WHAT YOU HAVE TO DO - After locating the line that contains "Rangemaster RMB70HPNGFGL 11224" in the records below, write out exactly that line and each line after it through the one that contains "Pre-owned Ann Taylor", and nothing else.

MATERIAL SUPPLIED -
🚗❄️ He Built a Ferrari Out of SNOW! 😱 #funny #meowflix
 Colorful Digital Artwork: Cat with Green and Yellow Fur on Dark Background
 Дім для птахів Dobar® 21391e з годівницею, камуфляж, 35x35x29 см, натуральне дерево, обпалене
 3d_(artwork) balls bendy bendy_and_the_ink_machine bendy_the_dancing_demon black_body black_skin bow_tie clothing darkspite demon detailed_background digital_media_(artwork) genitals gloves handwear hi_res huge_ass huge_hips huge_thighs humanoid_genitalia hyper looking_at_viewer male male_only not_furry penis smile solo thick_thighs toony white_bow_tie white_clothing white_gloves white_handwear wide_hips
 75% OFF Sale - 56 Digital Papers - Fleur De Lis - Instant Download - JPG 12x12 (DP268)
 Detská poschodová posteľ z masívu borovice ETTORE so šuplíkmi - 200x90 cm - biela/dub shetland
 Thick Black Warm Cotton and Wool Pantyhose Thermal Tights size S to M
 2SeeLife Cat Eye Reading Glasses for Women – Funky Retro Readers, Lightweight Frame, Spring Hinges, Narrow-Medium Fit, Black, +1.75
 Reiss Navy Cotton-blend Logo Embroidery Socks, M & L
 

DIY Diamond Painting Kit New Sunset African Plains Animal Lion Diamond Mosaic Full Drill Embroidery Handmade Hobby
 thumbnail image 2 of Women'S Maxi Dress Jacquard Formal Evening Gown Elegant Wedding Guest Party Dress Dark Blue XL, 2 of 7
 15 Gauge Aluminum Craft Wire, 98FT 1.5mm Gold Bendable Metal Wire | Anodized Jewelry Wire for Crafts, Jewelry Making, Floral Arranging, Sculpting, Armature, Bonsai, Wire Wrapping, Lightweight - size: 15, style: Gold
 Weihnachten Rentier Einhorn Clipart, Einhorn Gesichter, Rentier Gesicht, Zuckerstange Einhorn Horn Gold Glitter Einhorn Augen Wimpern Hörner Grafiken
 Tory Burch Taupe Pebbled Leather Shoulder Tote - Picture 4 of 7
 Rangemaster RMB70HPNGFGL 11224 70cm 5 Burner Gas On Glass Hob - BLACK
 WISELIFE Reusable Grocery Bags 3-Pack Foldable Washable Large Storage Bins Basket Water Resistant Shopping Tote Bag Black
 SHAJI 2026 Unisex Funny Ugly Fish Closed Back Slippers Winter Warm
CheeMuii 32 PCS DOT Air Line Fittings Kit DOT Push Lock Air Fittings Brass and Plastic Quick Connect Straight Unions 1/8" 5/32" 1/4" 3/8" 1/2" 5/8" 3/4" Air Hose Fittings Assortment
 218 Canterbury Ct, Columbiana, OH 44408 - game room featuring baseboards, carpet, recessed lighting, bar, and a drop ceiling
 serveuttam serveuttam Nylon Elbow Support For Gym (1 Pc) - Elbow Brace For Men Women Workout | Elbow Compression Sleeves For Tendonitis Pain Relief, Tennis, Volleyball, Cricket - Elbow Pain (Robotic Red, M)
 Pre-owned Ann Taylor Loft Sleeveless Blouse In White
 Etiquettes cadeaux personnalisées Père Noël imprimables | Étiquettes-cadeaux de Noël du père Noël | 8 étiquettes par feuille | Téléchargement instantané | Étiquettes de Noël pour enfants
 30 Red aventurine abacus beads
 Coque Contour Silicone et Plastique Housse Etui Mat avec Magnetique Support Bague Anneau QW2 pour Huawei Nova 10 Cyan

ANSWER AREA -
 Rangemaster RMB70HPNGFGL 11224 70cm 5 Burner Gas On Glass Hob - BLACK
 WISELIFE Reusable Grocery Bags 3-Pack Foldable Washable Large Storage Bins Basket Water Resistant Shopping Tote Bag Black
 SHAJI 2026 Unisex Funny Ugly Fish Closed Back Slippers Winter Warm
CheeMuii 32 PCS DOT Air Line Fittings Kit DOT Push Lock Air Fittings Brass and Plastic Quick Connect Straight Unions 1/8" 5/32" 1/4" 3/8" 1/2" 5/8" 3/4" Air Hose Fittings Assortment
 218 Canterbury Ct, Columbiana, OH 44408 - game room featuring baseboards, carpet, recessed lighting, bar, and a drop ceiling
 serveuttam serveuttam Nylon Elbow Support For Gym (1 Pc) - Elbow Brace For Men Women Workout | Elbow Compression Sleeves For Tendonitis Pain Relief, Tennis, Volleyball, Cricket - Elbow Pain (Robotic Red, M)
 Pre-owned Ann Taylor Loft Sleeveless Blouse In White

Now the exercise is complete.